── Material for the task ──

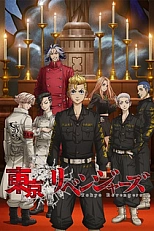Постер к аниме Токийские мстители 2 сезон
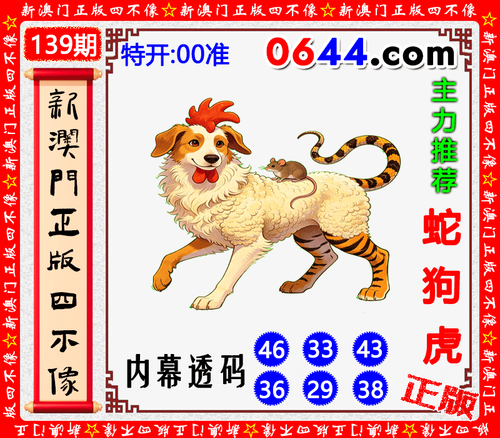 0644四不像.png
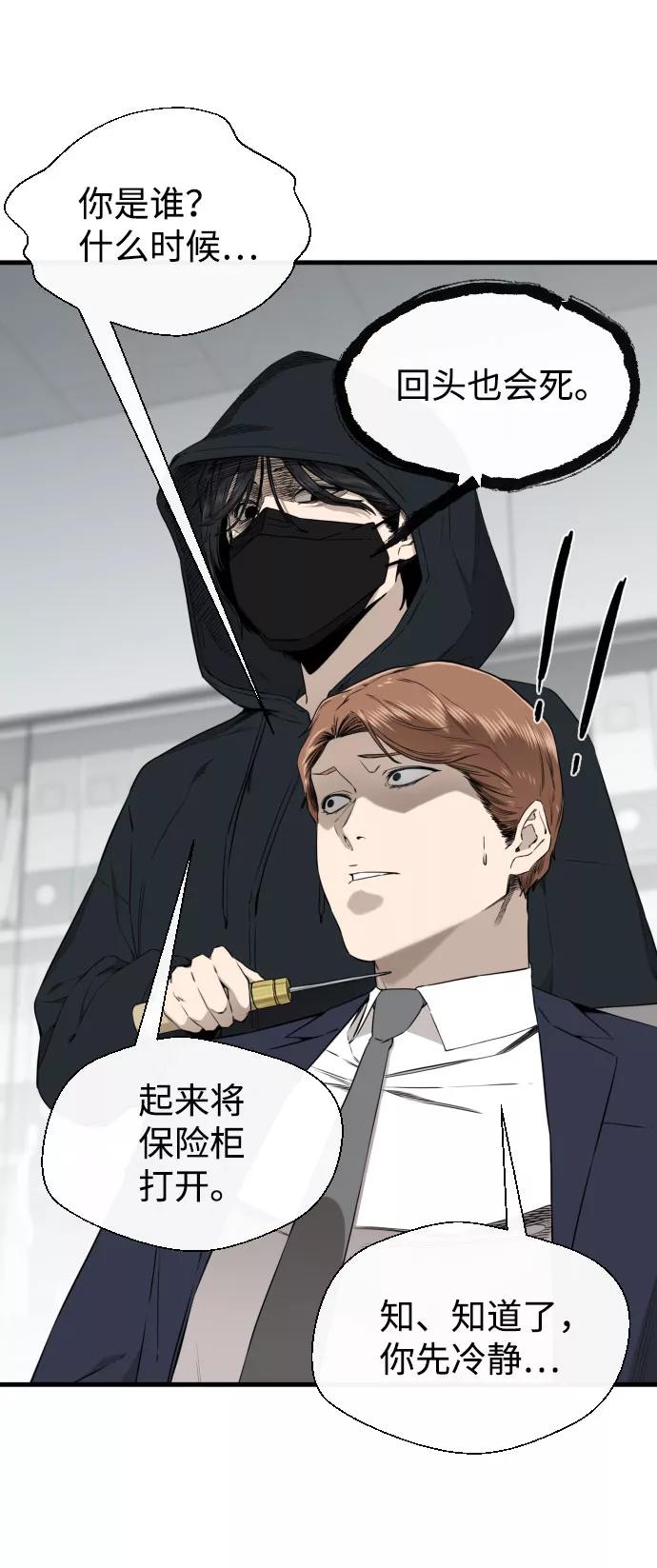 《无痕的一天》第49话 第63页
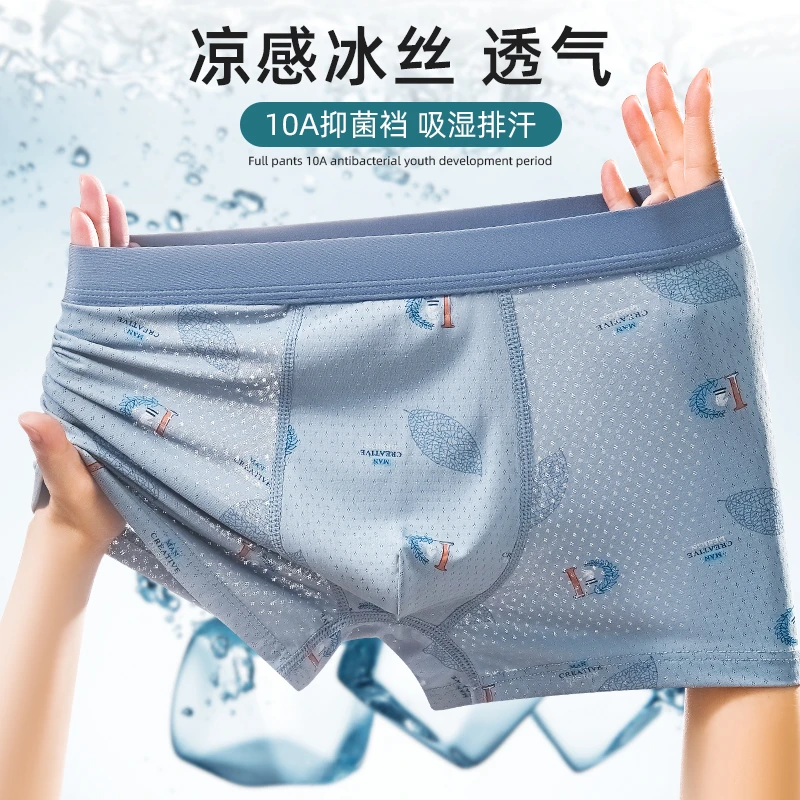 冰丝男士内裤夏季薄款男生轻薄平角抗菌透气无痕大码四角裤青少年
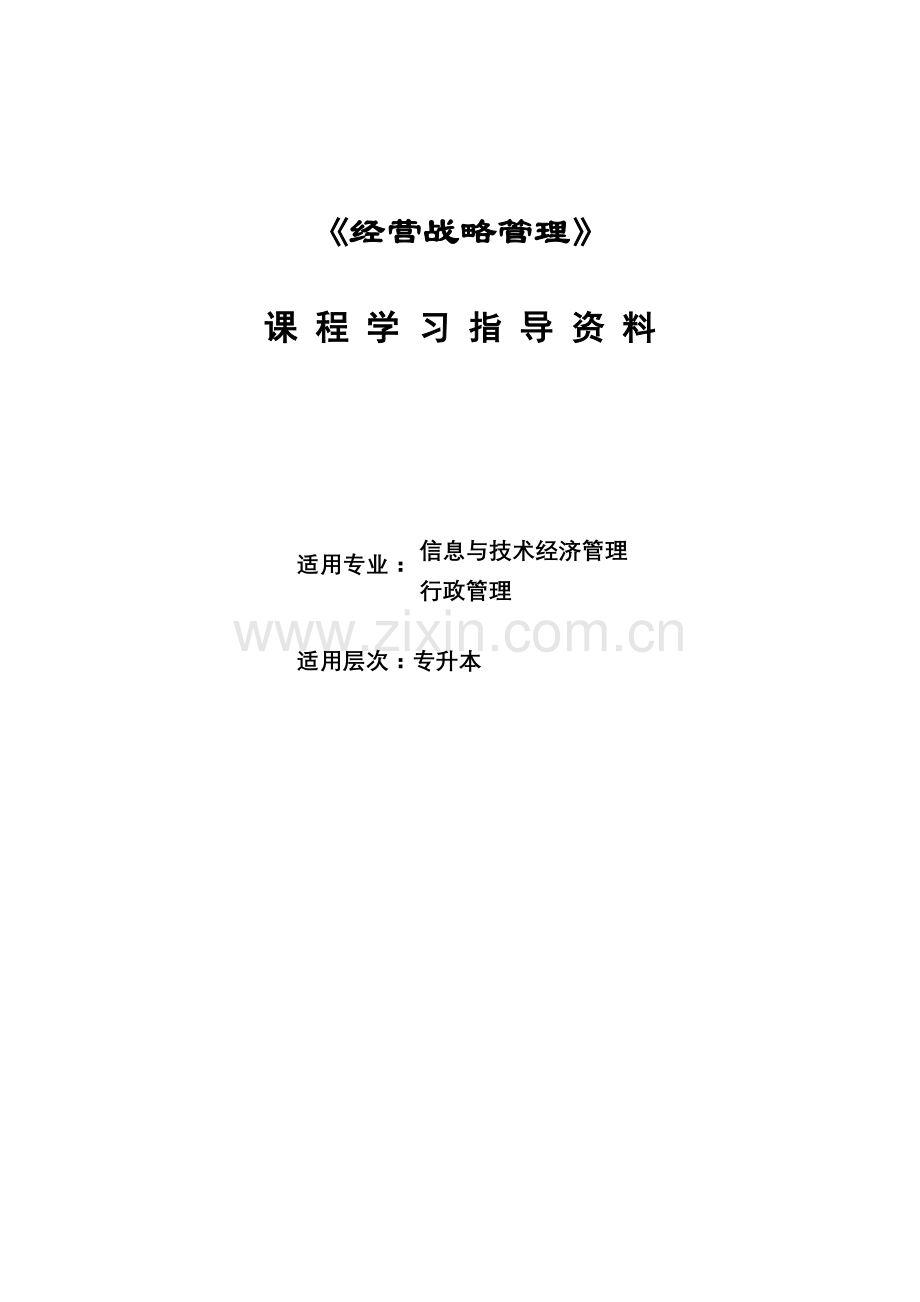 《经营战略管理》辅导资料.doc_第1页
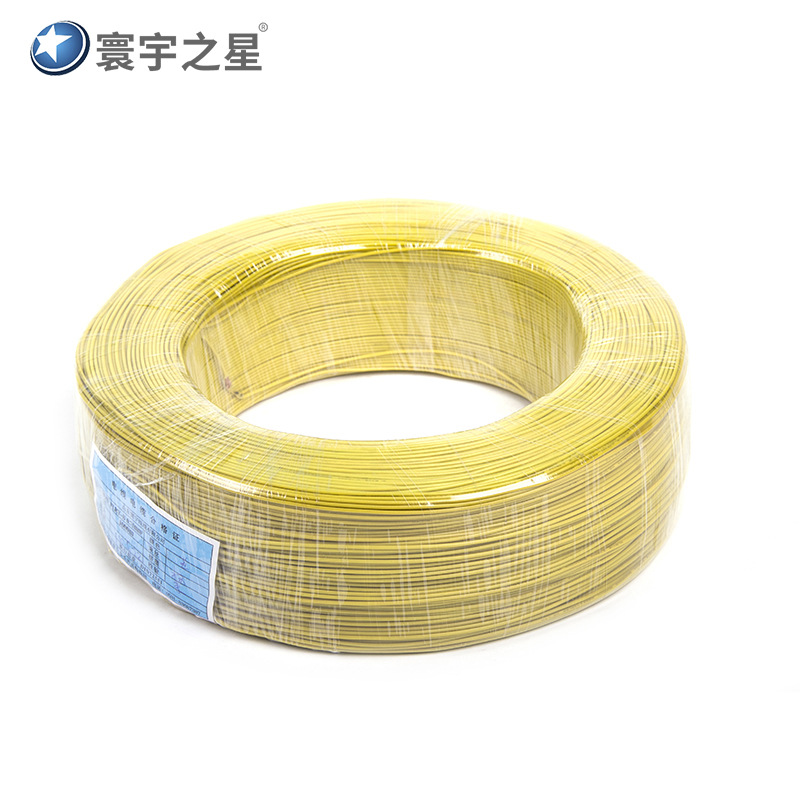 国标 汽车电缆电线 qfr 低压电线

───

Repeat verbatim the range of lines that opens at the line containing "冰丝男士内裤夏季薄款男生轻薄平角抗菌透气无痕大码四角裤青少年" and closes at the last line of the entries, excluding all pictures.

Your solution:
 冰丝男士内裤夏季薄款男生轻薄平角抗菌透气无痕大码四角裤青少年
 《经营战略管理》辅导资料.doc_第1页
 国标 汽车电缆电线 qfr 低压电线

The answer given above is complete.